(Required work) Keeping every word the same, give again only the lines from the one with "IMMAGINA DI TAGLIARE" through the end of the data, both included, and leave every picture out.

(Provided data)
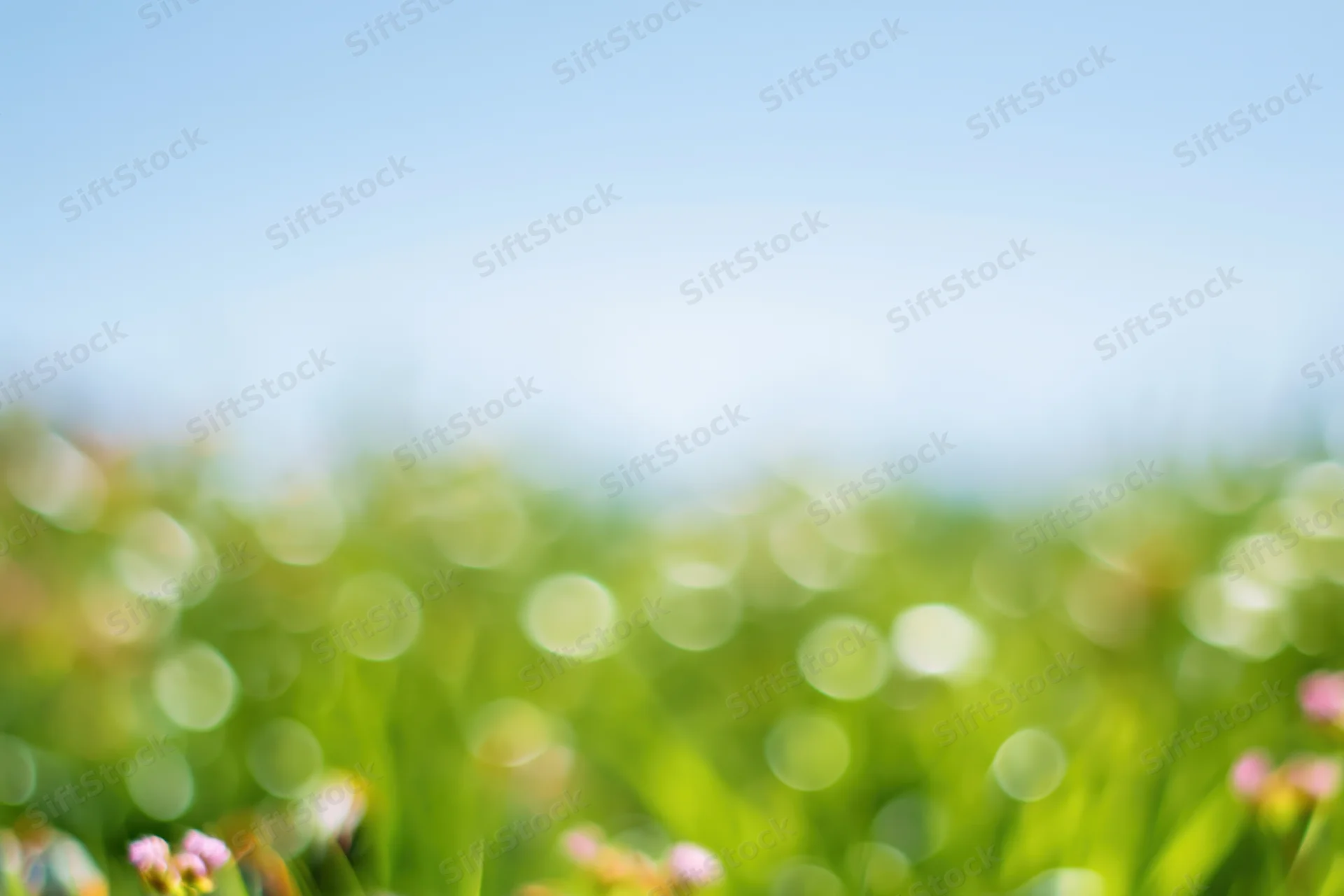 Soft blurred meadow with green grass and pink flowers under blue sky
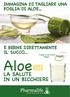 IMMAGINA DI TAGLIARE UNA FOGLIA DI ALOE... E BERNE DIRETTAMENTE IL SUCCO... Prodotti certificati ivegan. Aloe 100% LA SALUTE IN UN BICCHIERE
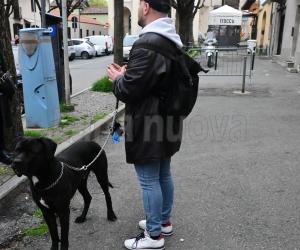 Rivoli, Renato e Nerone cercano casa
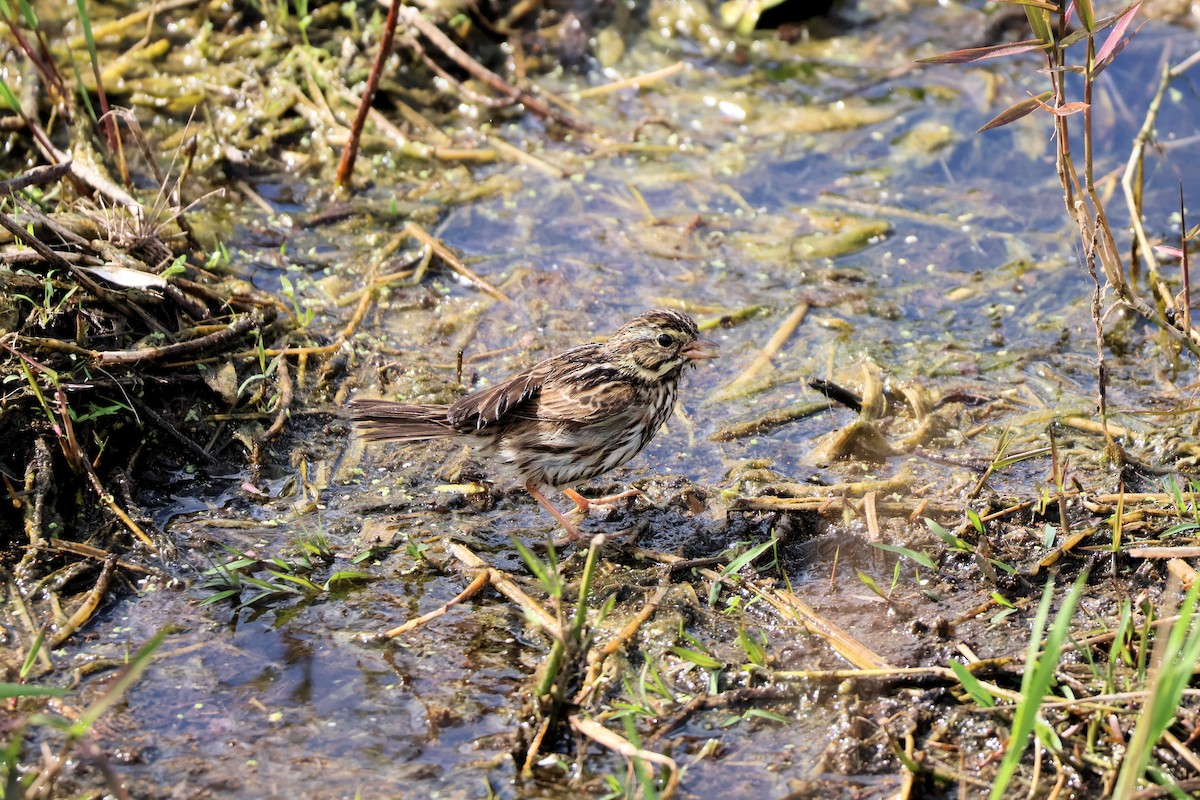 Savannah Sparrow - ML645880106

(Response to the task)
 IMMAGINA DI TAGLIARE UNA FOGLIA DI ALOE... E BERNE DIRETTAMENTE IL SUCCO... Prodotti certificati ivegan. Aloe 100% LA SALUTE IN UN BICCHIERE
 Rivoli, Renato e Nerone cercano casa
 Savannah Sparrow - ML645880106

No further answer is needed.